Services: The specific services that your child will receive will be listed in detail. For example, your family’s IFSP might state that Lucas is to receive speech therapy for apraxia with Miss Jones in one-hour sessions twice per week. If you believe that your child requires additional help, negotiate for additional sessions or longer sessions. If the IFSP team resists this, you might consider having your child evaluated by an independent professional who can provide a written opinion regarding your child’s needs.

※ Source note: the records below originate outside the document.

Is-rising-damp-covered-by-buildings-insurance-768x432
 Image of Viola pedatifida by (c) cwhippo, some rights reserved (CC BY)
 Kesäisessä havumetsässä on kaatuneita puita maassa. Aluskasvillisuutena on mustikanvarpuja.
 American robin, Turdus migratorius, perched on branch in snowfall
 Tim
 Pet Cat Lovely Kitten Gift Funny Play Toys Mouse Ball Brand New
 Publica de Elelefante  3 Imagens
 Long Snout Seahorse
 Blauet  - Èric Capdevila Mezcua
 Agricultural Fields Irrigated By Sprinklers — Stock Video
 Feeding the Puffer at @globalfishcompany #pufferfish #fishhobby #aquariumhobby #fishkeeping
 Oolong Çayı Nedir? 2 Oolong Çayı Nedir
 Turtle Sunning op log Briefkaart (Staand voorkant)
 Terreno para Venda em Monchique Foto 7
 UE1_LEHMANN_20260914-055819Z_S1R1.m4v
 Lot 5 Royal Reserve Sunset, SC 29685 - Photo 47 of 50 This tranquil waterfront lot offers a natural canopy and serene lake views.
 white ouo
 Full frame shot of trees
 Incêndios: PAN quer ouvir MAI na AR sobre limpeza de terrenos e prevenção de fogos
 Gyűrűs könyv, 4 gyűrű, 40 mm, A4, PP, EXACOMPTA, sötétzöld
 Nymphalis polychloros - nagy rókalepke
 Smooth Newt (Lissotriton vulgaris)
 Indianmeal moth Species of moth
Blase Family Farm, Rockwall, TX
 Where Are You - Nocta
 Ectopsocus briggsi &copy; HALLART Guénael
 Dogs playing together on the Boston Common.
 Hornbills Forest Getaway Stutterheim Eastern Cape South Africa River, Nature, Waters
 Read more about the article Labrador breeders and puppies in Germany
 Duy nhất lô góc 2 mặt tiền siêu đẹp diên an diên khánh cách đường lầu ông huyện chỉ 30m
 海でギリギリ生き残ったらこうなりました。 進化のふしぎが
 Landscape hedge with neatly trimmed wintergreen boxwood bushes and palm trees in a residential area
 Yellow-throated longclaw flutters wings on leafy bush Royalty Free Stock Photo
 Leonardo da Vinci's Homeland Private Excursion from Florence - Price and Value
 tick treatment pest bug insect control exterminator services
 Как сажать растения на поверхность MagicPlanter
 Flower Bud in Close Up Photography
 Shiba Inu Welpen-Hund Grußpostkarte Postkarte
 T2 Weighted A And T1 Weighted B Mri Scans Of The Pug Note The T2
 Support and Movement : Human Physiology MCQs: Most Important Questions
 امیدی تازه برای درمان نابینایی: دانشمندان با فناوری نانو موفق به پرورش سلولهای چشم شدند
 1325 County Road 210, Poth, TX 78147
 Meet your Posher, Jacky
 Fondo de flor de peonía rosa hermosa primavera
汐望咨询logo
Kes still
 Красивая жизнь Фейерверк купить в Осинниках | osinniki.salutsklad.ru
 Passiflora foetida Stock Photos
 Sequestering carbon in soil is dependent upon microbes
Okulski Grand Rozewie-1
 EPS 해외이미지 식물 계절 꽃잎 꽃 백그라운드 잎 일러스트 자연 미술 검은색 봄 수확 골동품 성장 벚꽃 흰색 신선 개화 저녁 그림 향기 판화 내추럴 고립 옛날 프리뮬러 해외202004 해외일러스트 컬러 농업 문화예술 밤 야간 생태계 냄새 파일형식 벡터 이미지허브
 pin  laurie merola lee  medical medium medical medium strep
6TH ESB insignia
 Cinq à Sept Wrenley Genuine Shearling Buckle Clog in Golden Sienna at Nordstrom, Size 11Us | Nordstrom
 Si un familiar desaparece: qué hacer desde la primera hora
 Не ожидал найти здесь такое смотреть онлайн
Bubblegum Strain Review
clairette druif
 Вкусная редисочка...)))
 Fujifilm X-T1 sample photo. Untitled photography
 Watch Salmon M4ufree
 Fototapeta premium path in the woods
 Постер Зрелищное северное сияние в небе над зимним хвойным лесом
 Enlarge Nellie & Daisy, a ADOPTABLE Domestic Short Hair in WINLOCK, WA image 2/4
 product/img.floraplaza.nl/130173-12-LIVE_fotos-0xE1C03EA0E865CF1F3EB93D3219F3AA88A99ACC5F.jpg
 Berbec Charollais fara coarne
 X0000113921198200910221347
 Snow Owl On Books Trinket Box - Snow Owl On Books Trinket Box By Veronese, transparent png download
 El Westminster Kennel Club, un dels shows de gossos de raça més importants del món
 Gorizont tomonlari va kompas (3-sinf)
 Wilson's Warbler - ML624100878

Outcomes: Outcomes, or goals, are a critical component of the IFSP. They must be relevant, specific and measurable. These are not achievement goals for your child’s entire life; rather, they are short-term goals. The services that are provided will work toward these outcomes. Here are some examples of IFSP outcomes:
- Lucas will grip his sippy cup, raise it to his mouth and drink without assistance.
- Lucas will use his picture exchange communication system (PECS) to communicate his desires for food, drink, potty and naptime.
- Lucas will articulate the “b” sound in the initial position (at the beginning of a word).
After the IFSP: What are the Next Steps?
By law, the IFSP team must meet to review the treatment plan every six months. The purpose is to determine whether updates, such as new outcomes, are needed. You may request an additional review at any time if you feel the IFSP is not serving your child’s best interests, or if there has been a major change or event in your child’s life (such as hospitalization).
Prior to your child’s third birthday, the IFSP team will meet to form a transition plan. It may be determined that your child has progressed to the point at which he or she is no longer eligible for services. If he or she still needs help, a plan will be developed to transition into an individualized education program (IEP) upon your child’s third birthday.